Article 6. Delivery and delivery time of goods and services
- The delivery times stated are approximate and not binding. The supplier is not liable for any delivery time exceeding the stated delivery time.
- Unless otherwise agreed in writing, delivery of goods will take place ex works/warehouse of the supplier or another storage facility, or ex works in the country of production, if the supplier orders the products in another country. The risk for the goods passes to the other party at the moment the goods leave the supplier's premises or warehouse, or another storage facility or factory in the country of production, without prejudice to the provisions of Article 8.2. Delivery carriage paid will only take place if and insofar as this is indicated by the supplier on the order confirmation or otherwise.
- The delivery time is based on working conditions applicable at the time the agreement is concluded and on the timely delivery of the goods to be supplied by third parties for the fulfillment of the agreement. Without prejudice to the provisions elsewhere in these terms and conditions regarding delivery, the supplier's delivery time will be extended by the duration of the delays incurred by the other party as a result of the other party's failure to comply with obligations under this or previously concluded agreements.
- The counterparty is obliged to check the delivered goods and/or the packaging immediately upon delivery for any shortages or visible damage, or to carry out this check after notification from the supplier that the goods are at the disposal of the counterparty.
- Any shortages or damage to the delivered goods and/or packaging present upon delivery must be noted by the other party on the delivery note, invoice, and/or shipping documents. Failure to do so will result in complaints being disregarded. The supplier's records are final in this regard.
- The supplier is entitled to deliver the goods in parts. The other party is obligated to pay for partial deliveries, which the supplier may invoice separately, in accordance with the provisions of Article 14 "Payment" below.
- Exceeding the delivery time does not obligate the supplier to any compensation.
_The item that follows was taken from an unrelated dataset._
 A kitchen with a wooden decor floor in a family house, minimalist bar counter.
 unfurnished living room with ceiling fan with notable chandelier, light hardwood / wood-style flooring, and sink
After repeated delivery time failures, the other party may notify the supplier in writing of the default, stating a final (reasonable) delivery date. After this, the other party has the right to cancel the agreement in writing, unless the supplier is in a state of force majeure.
- If the goods have not been collected by the other party after the delivery period has expired, they will be stored at their disposal, at their expense and risk. After a period of four weeks, the supplier is entitled to sell these goods (privately). Any shortfall in proceeds and costs will be borne by the other party, without prejudice to the supplier's other rights.
- With regard to the provision of services, whether or not in combination with the delivery of goods, the time of delivery is considered to be the moment:
- on which the supplier has informed the other party that the services (work performed) have been performed, or
- on which the other party has accepted the services/activities of the supplier after the agreed inspection/test, or fails to carry out the inspection/test within eight days after the notification from the supplier as stated under 6.9.a.
In any event, the delivery time shall be deemed to be the moment at which the project or the goods for which the services/work were performed are (partially) put into use by the other party.
- Minor, non-essential defects will be repaired by the supplier as soon as possible and cannot be a reason for the other party to refuse delivery.
- Unless the supplier receives an express order from the other party to do so, the other party shall ensure that the necessary applications are made in a timely manner and/or that the amounts owed are paid in respect of power lines, connections, precarious rights, the Nuisance Act, etc.
- If a test as referred to in Article 6.9.b. is agreed, this must take place within the applicable period of eight days in the presence of (an employee of) the supplier or a third party designated by the supplier.
Article 7. Additional and reduced work
- The scope of the work to be carried out/services to be provided by the supplier is precisely set out in the agreement/order confirmation, which is binding on the parties (see Article 3.1.).
- Any necessary additional work, supplies, and/or (auxiliary) materials of any kind not specified in advance in the order confirmation are not part of the supplier's obligations. The other party is obligated to provide these at the supplier's first request, so that the work is not unnecessarily delayed.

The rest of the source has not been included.